WHAT TO WORK ON — Transcribe exactly each line of the entries, from the opening line to the line with "Camiseta Vintage estilo retro de oso 284", with both of those lines included.

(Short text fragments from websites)
*** Begin section ***

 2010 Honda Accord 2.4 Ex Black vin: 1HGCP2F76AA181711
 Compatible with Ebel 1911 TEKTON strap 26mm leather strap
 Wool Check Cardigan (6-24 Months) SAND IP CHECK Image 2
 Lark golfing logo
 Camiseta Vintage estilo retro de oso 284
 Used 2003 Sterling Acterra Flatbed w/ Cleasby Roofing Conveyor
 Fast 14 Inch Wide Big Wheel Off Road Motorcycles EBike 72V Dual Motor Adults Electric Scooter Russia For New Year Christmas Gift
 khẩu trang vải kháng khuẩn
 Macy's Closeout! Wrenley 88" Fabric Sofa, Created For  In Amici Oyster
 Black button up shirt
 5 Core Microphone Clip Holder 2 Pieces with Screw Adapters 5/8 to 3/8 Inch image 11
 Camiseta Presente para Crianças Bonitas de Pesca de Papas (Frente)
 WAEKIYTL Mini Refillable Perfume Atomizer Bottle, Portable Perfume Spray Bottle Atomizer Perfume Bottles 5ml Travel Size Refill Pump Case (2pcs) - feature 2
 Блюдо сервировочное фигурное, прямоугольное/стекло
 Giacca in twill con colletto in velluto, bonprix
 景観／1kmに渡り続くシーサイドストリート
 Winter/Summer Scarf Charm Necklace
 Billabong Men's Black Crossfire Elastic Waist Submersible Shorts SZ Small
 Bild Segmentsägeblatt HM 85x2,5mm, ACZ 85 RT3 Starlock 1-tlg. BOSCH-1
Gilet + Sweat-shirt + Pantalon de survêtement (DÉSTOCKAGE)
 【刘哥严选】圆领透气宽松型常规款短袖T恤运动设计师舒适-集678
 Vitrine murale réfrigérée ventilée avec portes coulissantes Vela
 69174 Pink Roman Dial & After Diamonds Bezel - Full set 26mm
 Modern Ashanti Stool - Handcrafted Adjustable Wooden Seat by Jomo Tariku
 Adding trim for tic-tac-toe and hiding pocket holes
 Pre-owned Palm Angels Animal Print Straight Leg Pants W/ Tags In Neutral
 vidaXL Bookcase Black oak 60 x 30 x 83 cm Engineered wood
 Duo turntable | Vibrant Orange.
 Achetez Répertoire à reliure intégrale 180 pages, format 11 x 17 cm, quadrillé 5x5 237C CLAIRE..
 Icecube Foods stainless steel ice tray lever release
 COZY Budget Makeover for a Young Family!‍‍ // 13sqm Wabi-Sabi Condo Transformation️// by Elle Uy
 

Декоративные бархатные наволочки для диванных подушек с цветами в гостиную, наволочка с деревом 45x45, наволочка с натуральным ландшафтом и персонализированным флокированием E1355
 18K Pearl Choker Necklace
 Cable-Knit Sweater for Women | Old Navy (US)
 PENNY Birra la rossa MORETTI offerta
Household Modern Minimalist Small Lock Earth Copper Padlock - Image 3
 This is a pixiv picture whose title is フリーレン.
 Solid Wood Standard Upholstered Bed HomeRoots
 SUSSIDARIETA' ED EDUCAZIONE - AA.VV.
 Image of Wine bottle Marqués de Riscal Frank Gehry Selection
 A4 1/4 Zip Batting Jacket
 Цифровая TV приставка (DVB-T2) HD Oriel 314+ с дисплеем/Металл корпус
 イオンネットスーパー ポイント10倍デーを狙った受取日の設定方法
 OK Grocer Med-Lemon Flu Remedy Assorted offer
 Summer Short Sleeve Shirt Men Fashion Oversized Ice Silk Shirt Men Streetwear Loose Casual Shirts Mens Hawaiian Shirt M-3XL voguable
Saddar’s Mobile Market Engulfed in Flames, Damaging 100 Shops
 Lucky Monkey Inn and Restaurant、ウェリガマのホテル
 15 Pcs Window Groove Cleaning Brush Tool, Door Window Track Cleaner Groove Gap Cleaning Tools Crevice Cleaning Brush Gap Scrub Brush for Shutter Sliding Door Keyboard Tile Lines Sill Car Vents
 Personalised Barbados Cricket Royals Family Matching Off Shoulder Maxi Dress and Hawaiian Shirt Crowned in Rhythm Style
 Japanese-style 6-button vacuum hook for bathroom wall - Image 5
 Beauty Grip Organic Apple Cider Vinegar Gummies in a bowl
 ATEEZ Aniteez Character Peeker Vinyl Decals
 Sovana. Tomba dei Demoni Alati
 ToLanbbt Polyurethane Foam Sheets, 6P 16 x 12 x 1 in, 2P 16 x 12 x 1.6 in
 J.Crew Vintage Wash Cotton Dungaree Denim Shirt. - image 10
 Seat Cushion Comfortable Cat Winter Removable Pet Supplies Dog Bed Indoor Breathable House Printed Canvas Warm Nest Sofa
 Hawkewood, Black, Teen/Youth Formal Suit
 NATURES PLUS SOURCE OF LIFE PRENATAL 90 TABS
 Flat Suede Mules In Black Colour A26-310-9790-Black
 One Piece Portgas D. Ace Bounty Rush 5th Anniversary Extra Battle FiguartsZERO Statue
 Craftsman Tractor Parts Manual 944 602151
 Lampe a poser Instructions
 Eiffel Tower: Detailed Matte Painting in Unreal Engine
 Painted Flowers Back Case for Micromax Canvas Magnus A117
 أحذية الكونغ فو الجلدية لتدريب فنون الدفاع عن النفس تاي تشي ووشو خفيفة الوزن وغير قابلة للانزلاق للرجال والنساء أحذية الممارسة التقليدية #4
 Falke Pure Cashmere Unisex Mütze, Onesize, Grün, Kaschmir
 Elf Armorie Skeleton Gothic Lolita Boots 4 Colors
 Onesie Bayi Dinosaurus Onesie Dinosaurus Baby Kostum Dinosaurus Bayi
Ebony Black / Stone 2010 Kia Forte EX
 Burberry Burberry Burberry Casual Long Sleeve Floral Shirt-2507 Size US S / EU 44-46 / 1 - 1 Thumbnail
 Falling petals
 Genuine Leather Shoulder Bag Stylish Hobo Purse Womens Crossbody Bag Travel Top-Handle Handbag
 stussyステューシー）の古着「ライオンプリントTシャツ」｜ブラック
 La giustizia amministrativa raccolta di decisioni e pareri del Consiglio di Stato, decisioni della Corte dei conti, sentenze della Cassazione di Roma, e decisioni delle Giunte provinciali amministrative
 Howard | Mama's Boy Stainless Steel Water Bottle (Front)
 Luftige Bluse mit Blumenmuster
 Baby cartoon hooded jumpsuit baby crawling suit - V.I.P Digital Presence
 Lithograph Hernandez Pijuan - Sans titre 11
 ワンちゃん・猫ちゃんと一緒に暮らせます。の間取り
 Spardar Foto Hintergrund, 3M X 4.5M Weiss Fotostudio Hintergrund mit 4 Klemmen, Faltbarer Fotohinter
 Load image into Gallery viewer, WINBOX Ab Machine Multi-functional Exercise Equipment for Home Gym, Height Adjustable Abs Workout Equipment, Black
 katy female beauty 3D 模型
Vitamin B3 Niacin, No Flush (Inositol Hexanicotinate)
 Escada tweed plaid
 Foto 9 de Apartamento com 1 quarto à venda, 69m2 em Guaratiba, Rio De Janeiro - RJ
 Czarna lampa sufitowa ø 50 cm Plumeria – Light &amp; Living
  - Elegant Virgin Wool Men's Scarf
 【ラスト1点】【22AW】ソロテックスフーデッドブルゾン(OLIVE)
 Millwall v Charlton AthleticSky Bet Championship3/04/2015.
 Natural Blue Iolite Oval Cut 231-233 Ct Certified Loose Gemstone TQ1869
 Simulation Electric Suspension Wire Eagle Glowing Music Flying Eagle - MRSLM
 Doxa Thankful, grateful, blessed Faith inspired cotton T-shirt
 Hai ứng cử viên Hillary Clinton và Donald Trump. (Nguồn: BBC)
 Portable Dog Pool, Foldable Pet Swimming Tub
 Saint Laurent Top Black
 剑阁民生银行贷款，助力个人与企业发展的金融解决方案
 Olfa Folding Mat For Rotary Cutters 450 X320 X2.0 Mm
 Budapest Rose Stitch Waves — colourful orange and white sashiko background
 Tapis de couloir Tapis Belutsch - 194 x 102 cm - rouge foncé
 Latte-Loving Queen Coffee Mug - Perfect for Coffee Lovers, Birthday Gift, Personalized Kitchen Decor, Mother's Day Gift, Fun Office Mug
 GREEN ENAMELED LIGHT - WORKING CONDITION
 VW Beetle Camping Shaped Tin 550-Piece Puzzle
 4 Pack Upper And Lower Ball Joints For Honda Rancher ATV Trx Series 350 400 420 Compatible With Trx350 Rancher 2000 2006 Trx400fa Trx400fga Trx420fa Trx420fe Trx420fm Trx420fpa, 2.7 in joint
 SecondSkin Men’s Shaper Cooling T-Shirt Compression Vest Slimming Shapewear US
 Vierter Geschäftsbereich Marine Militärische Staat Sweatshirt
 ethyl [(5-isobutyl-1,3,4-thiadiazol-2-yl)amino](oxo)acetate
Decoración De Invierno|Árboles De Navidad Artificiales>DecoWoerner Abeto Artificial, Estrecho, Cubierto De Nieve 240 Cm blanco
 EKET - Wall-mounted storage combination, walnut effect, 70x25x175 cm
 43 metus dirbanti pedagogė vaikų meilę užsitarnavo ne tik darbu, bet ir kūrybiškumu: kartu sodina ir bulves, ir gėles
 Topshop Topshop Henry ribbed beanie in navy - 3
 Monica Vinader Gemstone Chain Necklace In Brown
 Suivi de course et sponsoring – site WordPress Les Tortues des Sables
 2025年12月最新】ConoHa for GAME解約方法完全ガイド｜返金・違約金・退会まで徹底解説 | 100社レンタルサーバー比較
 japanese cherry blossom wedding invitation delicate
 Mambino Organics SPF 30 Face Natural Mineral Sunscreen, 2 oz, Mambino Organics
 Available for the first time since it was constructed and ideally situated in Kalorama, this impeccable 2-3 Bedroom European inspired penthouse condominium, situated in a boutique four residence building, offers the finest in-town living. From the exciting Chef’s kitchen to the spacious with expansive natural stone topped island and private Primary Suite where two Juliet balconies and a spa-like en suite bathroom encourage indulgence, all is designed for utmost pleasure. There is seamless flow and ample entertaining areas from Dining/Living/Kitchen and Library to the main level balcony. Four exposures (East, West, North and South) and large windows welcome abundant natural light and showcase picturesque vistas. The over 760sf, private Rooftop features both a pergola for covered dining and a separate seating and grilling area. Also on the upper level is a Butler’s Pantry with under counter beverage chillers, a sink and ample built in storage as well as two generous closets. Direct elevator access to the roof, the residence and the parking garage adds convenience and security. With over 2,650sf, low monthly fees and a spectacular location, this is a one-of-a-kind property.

*** End section ***

ANSWER BOX —
 2010 Honda Accord 2.4 Ex Black vin: 1HGCP2F76AA181711
 Compatible with Ebel 1911 TEKTON strap 26mm leather strap
 Wool Check Cardigan (6-24 Months) SAND IP CHECK Image 2
 Lark golfing logo
 Camiseta Vintage estilo retro de oso 284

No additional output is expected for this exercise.